**Activity**
Verbatim reproduction of the entries is required; images must be omitted.

━━━━━ Extracted entries

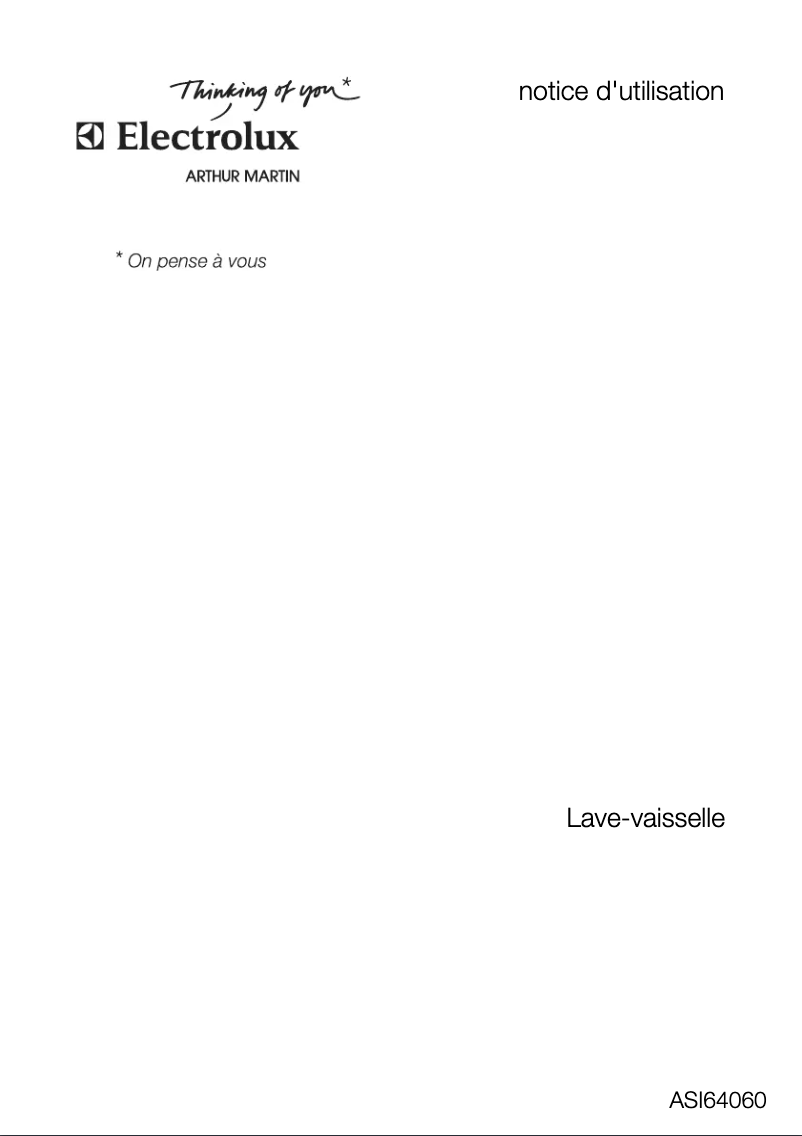 Page 1 de la notice Manuel utilisateur Arthur Martin-Electrolux ASI 640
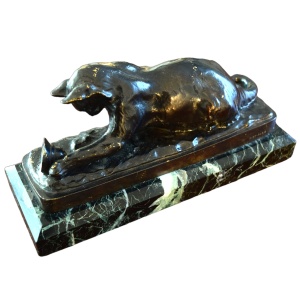 Charming French Bronze Statue Of A Playing Cat by Thomas François Cartier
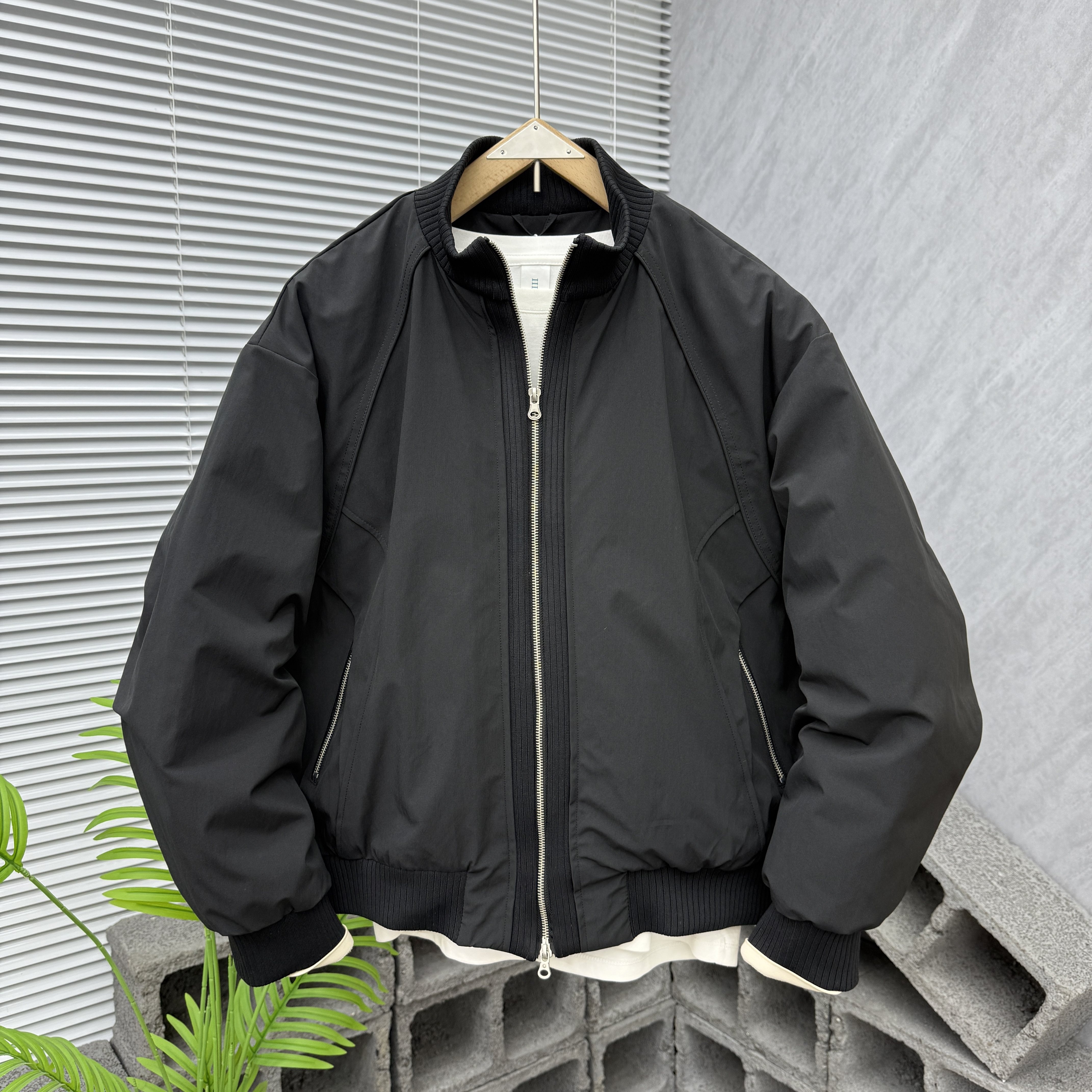 冬季新款针织拼接立领羽绒服男潮牌时尚百搭短款白鸭绒外套夹克男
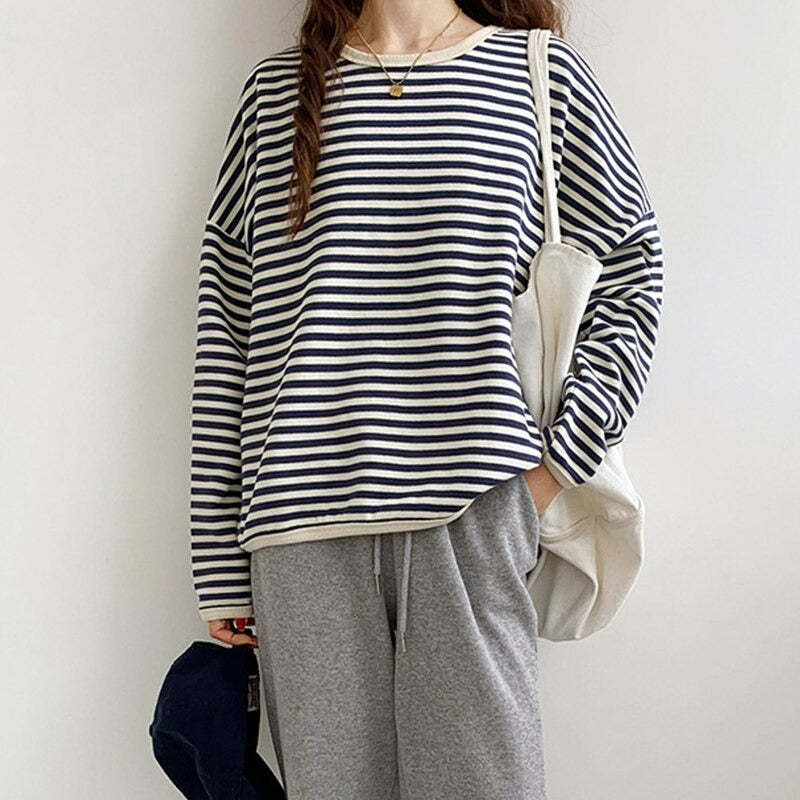 Long Sleeved Striped Sweatshirt For Women-Soco Hoodie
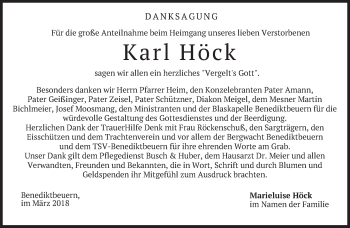 Todesanzeige von Karl Höck von merkurtz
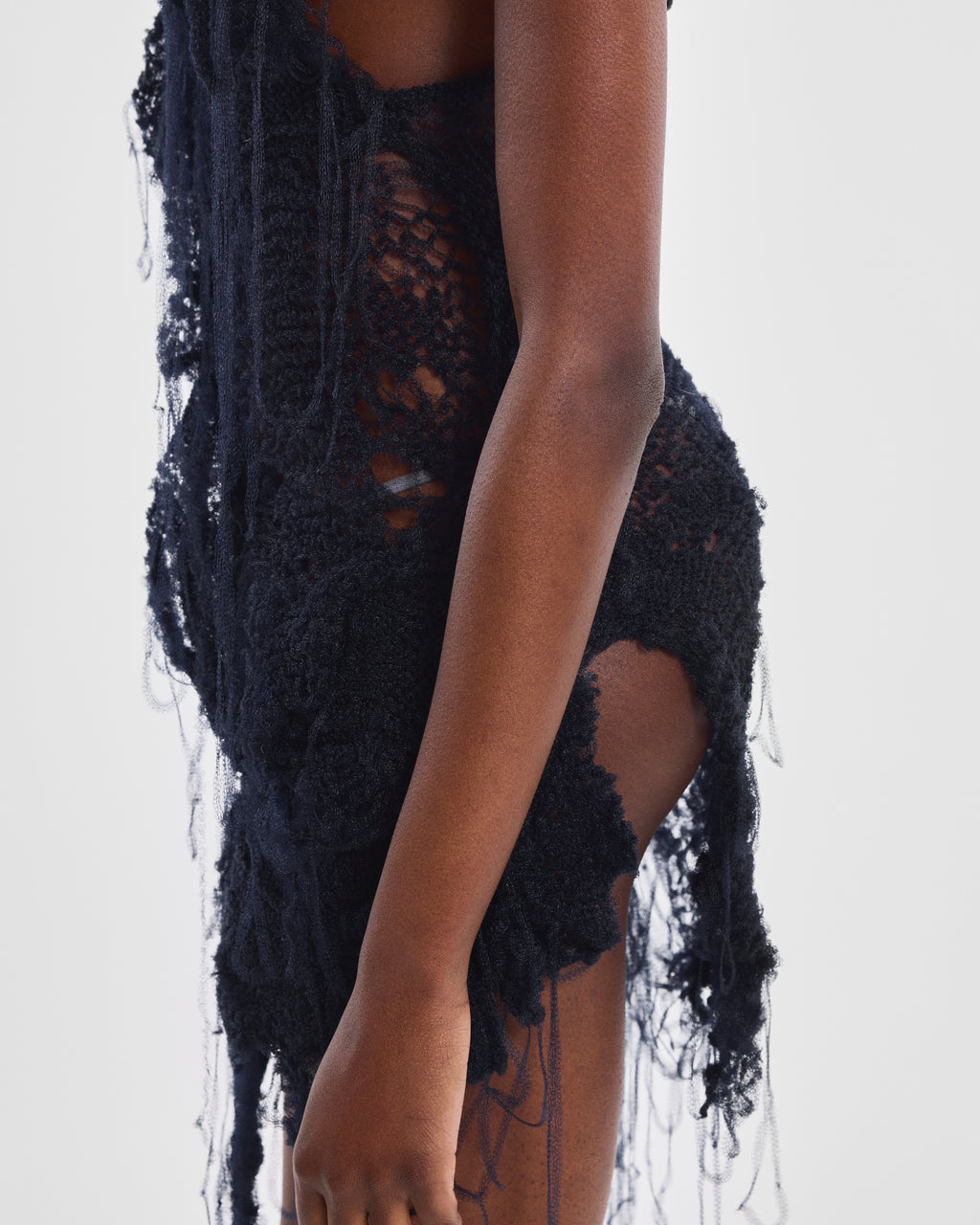 Shredded Knit Mini Dress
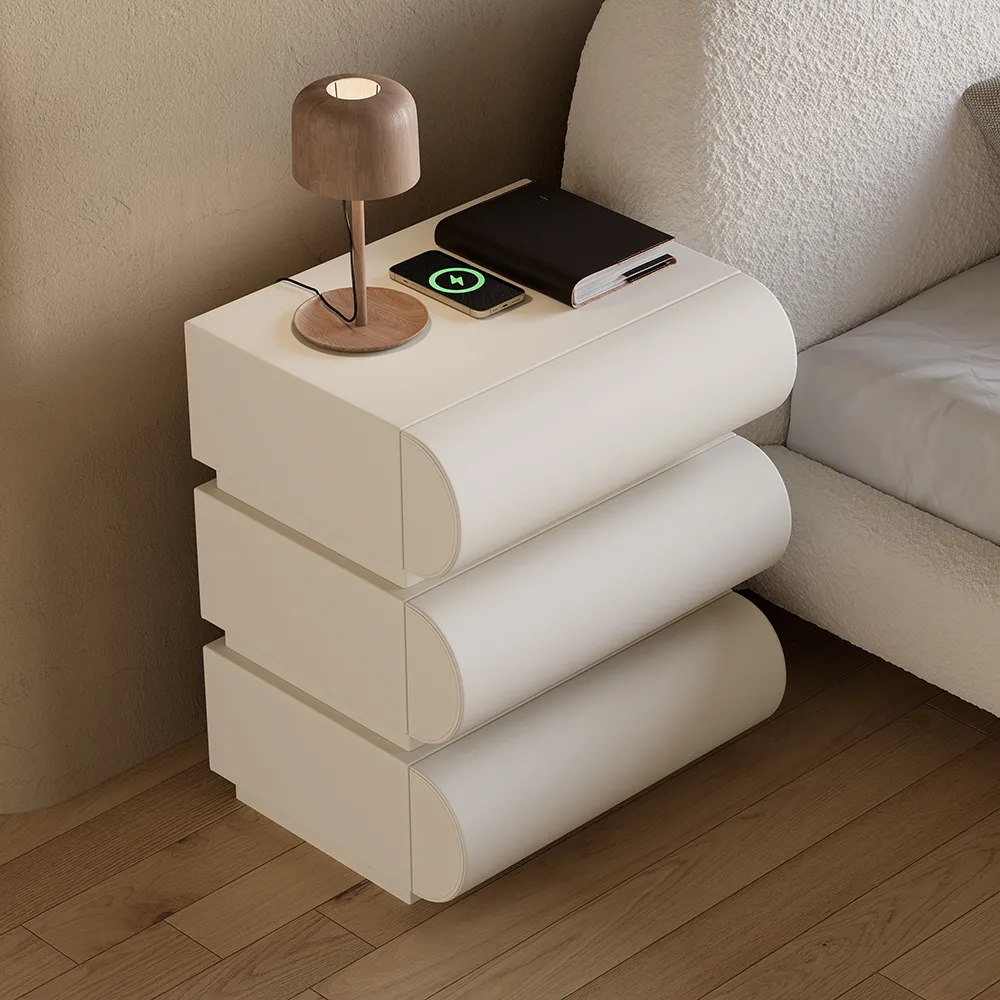 Modern White Boucle Platform Bed King Size Bed Frame & 2-Drawer Smart Boucle Nightstand — image 24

━━━━━━━━━━

**Completed task**
 Page 1 de la notice Manuel utilisateur Arthur Martin-Electrolux ASI 640
 Charming French Bronze Statue Of A Playing Cat by Thomas François Cartier
 冬季新款针织拼接立领羽绒服男潮牌时尚百搭短款白鸭绒外套夹克男
 Long Sleeved Striped Sweatshirt For Women-Soco Hoodie
 Todesanzeige von Karl Höck von merkurtz
 Shredded Knit Mini Dress
 Modern White Boucle Platform Bed King Size Bed Frame & 2-Drawer Smart Boucle Nightstand — image 24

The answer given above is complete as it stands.